▼

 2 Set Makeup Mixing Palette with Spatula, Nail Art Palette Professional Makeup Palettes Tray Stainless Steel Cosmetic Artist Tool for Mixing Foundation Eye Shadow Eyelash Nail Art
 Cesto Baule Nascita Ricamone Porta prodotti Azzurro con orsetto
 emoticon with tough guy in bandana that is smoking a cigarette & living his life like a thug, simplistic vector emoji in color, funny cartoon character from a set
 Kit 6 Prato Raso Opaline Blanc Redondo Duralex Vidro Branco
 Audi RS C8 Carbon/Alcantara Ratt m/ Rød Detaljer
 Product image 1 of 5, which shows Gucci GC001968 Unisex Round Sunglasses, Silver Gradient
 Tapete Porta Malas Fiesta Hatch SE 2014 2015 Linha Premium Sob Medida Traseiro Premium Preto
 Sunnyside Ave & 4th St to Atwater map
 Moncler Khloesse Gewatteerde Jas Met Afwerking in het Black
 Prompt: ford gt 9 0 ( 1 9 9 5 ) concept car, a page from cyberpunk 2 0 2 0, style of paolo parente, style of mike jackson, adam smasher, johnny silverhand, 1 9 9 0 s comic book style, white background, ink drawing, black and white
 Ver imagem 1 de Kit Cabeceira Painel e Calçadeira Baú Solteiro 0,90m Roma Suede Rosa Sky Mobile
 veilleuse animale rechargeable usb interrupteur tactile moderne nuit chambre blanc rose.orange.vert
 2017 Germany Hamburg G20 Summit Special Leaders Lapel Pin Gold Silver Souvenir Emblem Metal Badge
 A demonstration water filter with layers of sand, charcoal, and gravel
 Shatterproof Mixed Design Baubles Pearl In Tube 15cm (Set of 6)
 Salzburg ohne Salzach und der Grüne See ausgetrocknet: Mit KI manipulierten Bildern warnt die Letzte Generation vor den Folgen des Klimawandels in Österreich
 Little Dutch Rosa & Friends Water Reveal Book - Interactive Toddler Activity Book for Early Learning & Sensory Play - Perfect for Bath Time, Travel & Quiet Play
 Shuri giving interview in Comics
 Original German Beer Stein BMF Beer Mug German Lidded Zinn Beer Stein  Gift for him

▲

> _Problem_
From the first line of the material above down to the line with "Moncler Khloesse Gewatteerde", output each line exactly; include both of those lines and add no others.

> _Your response_
 2 Set Makeup Mixing Palette with Spatula, Nail Art Palette Professional Makeup Palettes Tray Stainless Steel Cosmetic Artist Tool for Mixing Foundation Eye Shadow Eyelash Nail Art
 Cesto Baule Nascita Ricamone Porta prodotti Azzurro con orsetto
 emoticon with tough guy in bandana that is smoking a cigarette & living his life like a thug, simplistic vector emoji in color, funny cartoon character from a set
 Kit 6 Prato Raso Opaline Blanc Redondo Duralex Vidro Branco
 Audi RS C8 Carbon/Alcantara Ratt m/ Rød Detaljer
 Product image 1 of 5, which shows Gucci GC001968 Unisex Round Sunglasses, Silver Gradient
 Tapete Porta Malas Fiesta Hatch SE 2014 2015 Linha Premium Sob Medida Traseiro Premium Preto
 Sunnyside Ave & 4th St to Atwater map
 Moncler Khloesse Gewatteerde Jas Met Afwerking in het Black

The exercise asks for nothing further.